The present disclosure relates generally to information handling systems (IHSs), and more particularly to dynamically adjusting an IHS power system to store energy for power excursions by an IHS.
As the value and use of information continues to increase, individuals and businesses seek additional ways to process and store information. One option is an IHS. An IHS generally processes, compiles, stores, and/or communicates information or data for business, personal, or other purposes. Because technology and information handling needs and requirements may vary between different applications, IHSs may also vary regarding what information is handled, how the information is handled, how much information is processed, stored, or communicated, and how quickly and efficiently the information may be processed, stored, or communicated. The variations in IHSs allow for IHSs to be general or configured for a specific user or specific use such as financial transaction processing, airline reservations, enterprise data storage, or global communications. In addition, IHSs may include a variety of hardware and software components that may be configured to process, store, and communicate information and may include one or more computer systems, data storage systems, and networking systems.
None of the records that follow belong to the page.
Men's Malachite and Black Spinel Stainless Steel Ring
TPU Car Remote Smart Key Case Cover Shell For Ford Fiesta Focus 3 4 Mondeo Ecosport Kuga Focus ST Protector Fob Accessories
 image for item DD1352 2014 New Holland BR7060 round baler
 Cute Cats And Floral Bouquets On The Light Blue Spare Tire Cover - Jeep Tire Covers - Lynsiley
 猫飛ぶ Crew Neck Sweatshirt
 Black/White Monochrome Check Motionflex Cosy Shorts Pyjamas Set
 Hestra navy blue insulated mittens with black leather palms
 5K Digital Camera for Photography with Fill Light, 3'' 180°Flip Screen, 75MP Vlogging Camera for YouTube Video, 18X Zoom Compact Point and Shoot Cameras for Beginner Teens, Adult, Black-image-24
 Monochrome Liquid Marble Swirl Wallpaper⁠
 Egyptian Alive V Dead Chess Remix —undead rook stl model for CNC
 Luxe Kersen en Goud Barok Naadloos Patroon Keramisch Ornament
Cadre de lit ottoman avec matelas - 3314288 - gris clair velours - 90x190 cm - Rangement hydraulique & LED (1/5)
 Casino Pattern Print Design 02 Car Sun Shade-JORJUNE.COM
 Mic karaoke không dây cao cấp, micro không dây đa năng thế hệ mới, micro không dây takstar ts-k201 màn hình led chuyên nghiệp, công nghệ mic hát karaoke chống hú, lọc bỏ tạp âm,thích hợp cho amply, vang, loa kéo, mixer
As IHS performance continues to increase, IHS power demands are increasing to support this increased performance, and are resulting in increased IHS power excursions that may provide relatively short but high peak power demands on the power system. Conventionally, power excursions such as, for example, dynamic power (Pdyn) and maximum power (Pmax) excursions of an IHS processor, drive the sizing of the power system components. For example, a load integrated circuit (IC) die may be powered by a voltage regulator that draws its power from a voltage power plane distributed on a motherboard, and that voltage plane is powered from a power supply unit (PSU) in the power system. When IC die power excursions are relatively low, the voltage regulator can generally handle those power excursions without that power demand being “seen” at the PSU (i.e., they do not increase the output current demand from the PSU.) However, when the IC die power excursions become relatively high, they begin to be seen by the PSU (i.e., they increase the output current demand from the PSU), and if those power excursions become high enough, a protection circuit in the PSU may be asserted that will cause the PSU to shutdown, which may result in data loss. This can occur due to peak power excursions even when the average power drawn by the IHS is well below a PSU shutdown threshold. Conventional solutions to this issue are to provide a power system that is sized for any possible IHS peak power excursions, which result in costly, oversized, and inefficient power systems that have power output capabilities that are not needed for the vast majority of system operation, which occurs at power levels well below those IHS peak power excursion power levels.
Accordingly, it would be desirable to provide an improved IHS power system.